HOW TO COMPLETE THIS TASK —
Exact reproduction of all the data is required, with pictures excluded.

DATASET EXCERPT —
========================

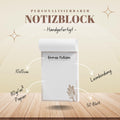 Notizblock Boho Notizblock personalisierbar mit Namen To-Do Liste Notizblock für Studenten Bürobedarf Geschenk Kollege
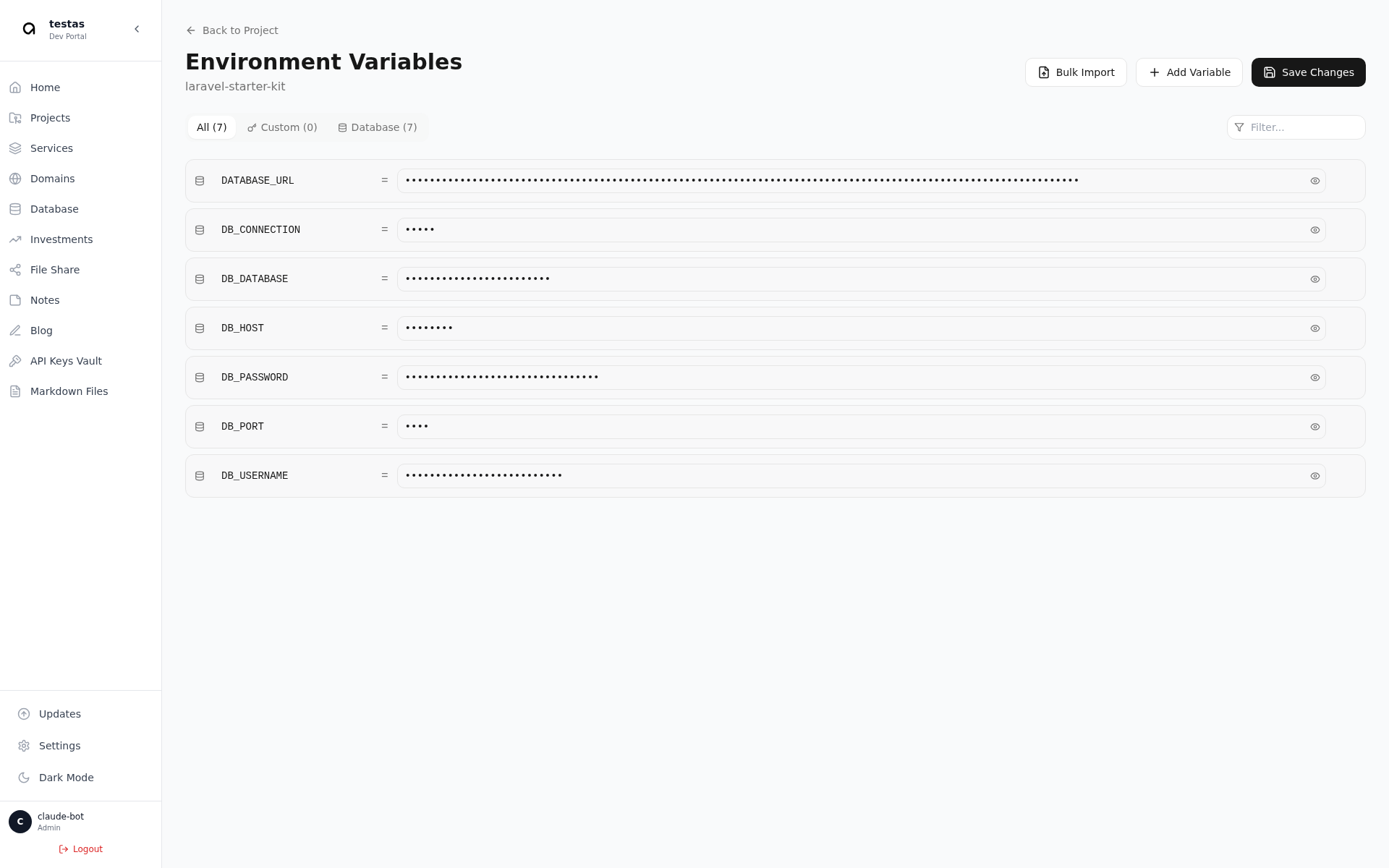 Environment Variables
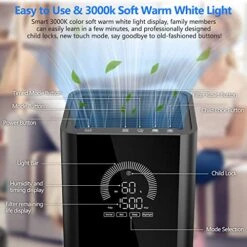 Druiap Air Purifiers For Home Large Room Up To 206~1084 Ft², H13 True HEPA Filter Air Cleaner Filterable 99.97% Bad Air/Smoke/Pet Dander/Odor/for Bedroom, Office, Dorm, Apartment, Kitchen(Black-KJ150) -Household Cleaning Supply Store 512UeCtQ6GL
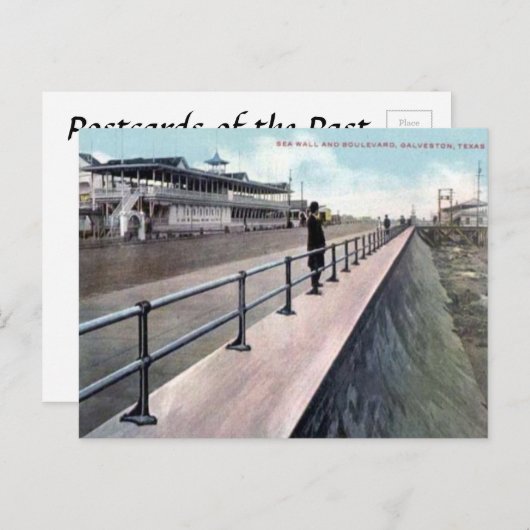 Alte Postkarte - Galveston, Texas (Vorne/Hinten)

========================

WORKED SOLUTION —
 Notizblock Boho Notizblock personalisierbar mit Namen To-Do Liste Notizblock für Studenten Bürobedarf Geschenk Kollege
 Environment Variables
 Druiap Air Purifiers For Home Large Room Up To 206~1084 Ft², H13 True HEPA Filter Air Cleaner Filterable 99.97% Bad Air/Smoke/Pet Dander/Odor/for Bedroom, Office, Dorm, Apartment, Kitchen(Black-KJ150) -Household Cleaning Supply Store 512UeCtQ6GL
 Alte Postkarte - Galveston, Texas (Vorne/Hinten)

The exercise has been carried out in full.